And then they exercise rule by oppressing those they have displaced. So settler colonialism is an argument that the land really doesn’t belong to the people who hold the deeds. The land morally belongs to the people they displaced. And because much of this is now centuries ago, where in the case of Israel decades ago, the land would belong to those who are the heirs. And that doesn’t necessarily mean those who would legally be the heirs. Those who according to ethnicity and identity politics would be the heirs. They own the land, the argument is the others are just settlers, and they are in place by the power of settler colonialism, and that’s oppressive. And so the right-minded people will oppose that oppression and seek to push the settlers out and bring an end to settler colonialism and return the land to its rightful owners.

Okay, so you look at this and you say, “Wow, that really has relevance to the war going on right now, as Israel is defending itself against this terroristic attack by this extremist group Hamas.” Because Hamas did so in the name of its vision of Palestine, a Palestine that by its own charter it says, “Will be devoid of Jews and Israel will be non-existent.” Israel is a settler colonial state, it’s a false state, it’s an immoral state. It’s a state that was imposed by someone outside as an extension of imperialism, and it needs to be brought to an end in order to liberate the people who are oppressed, the students who are out on the college campuses, those who are waving the Hamas flag or the Palestinian flag, by and large, they have bought into this ideology. Now, one clause here we just need to assert is that this is not to say that the Palestinian people do not have rightful concerns and some rightful claims. It’s not to say that it is to say that that’s not what this ideology is about.

This ideology is not about a fair settlement of interest between Israel and the Palestinians. This ideology is about the non-existence of Israel and the pressing of the Jewish people off the land, period. That is exactly what these marches are all about, taking place in cities like London, but more to the point here in the United States on many of the most elite college campuses in the United States.

But once you realize this is about Israel, you also need to realize, wait just a minute, this is also about the United States of America. This is about our country. The same ideology as settler colonialism says that we don’t own this land either, that this land was owned by somebody else, and it was the extension of an empire that led people to come, or not just one empire, you could say empires that led people to come to what became the United States, and to claim this land and to displace this land from its rightful owners. You have the same claim being made about nations such as New Zealand and Australia.

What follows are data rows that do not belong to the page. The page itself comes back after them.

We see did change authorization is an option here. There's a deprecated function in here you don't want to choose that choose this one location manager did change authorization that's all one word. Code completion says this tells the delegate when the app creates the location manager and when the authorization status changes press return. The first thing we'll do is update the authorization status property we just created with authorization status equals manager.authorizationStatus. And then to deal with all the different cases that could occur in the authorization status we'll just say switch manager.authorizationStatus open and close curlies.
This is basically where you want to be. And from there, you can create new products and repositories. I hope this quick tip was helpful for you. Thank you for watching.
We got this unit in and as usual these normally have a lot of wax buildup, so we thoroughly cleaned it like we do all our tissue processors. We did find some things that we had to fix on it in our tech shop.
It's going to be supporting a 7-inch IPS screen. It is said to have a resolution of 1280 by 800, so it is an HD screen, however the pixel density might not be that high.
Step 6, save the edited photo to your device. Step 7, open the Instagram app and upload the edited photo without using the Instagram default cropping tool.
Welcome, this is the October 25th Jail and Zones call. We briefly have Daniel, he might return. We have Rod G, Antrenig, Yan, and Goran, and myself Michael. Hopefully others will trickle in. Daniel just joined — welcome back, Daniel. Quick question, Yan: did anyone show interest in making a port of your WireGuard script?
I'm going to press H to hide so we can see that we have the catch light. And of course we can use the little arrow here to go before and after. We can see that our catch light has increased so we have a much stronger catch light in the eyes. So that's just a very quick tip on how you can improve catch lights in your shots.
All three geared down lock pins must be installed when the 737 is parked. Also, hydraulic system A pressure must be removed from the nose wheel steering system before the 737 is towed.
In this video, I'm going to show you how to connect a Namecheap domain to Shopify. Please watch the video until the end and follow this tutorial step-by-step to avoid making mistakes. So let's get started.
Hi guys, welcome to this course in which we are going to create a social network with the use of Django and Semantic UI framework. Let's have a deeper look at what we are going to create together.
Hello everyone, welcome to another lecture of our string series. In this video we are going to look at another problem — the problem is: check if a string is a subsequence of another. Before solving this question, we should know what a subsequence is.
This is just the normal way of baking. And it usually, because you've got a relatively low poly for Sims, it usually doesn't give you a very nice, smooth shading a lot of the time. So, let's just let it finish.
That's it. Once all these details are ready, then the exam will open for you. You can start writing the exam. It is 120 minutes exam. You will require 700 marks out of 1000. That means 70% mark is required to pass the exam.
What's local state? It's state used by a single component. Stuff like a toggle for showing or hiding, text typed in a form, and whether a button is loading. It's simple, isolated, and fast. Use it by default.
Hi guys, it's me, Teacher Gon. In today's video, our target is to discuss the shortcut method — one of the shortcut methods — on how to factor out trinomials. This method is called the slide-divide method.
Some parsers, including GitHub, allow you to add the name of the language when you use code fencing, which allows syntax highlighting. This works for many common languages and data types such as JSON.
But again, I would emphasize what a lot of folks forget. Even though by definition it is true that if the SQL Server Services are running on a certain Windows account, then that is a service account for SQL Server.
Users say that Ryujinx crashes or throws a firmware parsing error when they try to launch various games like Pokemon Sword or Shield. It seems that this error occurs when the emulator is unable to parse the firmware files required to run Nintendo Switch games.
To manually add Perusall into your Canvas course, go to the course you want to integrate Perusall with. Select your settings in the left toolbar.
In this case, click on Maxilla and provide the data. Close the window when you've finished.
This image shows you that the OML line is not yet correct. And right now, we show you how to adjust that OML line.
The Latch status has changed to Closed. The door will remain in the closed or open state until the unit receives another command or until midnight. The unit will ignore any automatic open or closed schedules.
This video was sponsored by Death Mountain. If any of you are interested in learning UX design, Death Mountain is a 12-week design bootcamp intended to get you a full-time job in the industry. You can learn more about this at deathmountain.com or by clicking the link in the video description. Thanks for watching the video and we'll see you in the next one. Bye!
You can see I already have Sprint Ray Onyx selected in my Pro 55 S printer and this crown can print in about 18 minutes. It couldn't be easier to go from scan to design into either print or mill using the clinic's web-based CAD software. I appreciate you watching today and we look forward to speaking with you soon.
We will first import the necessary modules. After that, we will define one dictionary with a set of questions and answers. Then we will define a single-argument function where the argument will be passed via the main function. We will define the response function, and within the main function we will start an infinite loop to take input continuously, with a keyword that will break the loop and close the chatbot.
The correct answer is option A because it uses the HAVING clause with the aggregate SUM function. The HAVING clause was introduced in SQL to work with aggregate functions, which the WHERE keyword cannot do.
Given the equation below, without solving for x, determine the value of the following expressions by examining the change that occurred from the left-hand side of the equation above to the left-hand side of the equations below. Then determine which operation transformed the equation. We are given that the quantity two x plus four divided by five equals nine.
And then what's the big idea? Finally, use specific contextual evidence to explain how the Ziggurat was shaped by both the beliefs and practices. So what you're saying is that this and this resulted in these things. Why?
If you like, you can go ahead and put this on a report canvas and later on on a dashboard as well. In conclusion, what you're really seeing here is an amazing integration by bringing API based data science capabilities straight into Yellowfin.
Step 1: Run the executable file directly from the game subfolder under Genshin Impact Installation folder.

You notice a common theme here. The common theme here is that primarily this argument is made against the imperialism, it is claimed of the English-speaking people. So it’s the British Empire, it’s the legacy of the British Empire that conjoins Israel and the United States, Australia and New Zealand. And all of these nations are declared by this ideology, which is now rampant on America’s college and university campuses, this settler colonialism ideology says that we are false states that need to be eradicated for the cause of the oppressed. Now, if you want to know what settler colonialism looks like on most campuses, it looks like most campus lectures, arguments, books, seminars, but ideas have consequences. And here you have the graphic deadly example of how these ideas have consequences. Here’s also where we need to step back and understand that this particular ideology follows as every ideology inevitably does its own substitute for a theological logic, its own substitute for a biblical logic.

So you have a before, in the beginning here. So what is the genesis story of this ideology? It is innocent and Indigenous people living in peace on the land, eating organic food. That’s basically it. And then you ask, what’s the original sin? The original sin is imperialism. And so what you have here is a basic redefinition of history. And obviously, this doesn’t make sense, but at least it follows a logic. The logic is you had Indigenous peoples living in peace on the land. They were ecologically very sensitive, all the rest. Now, of course, history reveals that there were people virtually everywhere before someone else got there. And yet at the same time when you’re talking about original or Indigenous or Aboriginal people, well, the reality is until you have an adequate understanding of exactly the course of human history going all the way back to creation and beyond, you don’t know exactly who was there before the people who were there when you found them.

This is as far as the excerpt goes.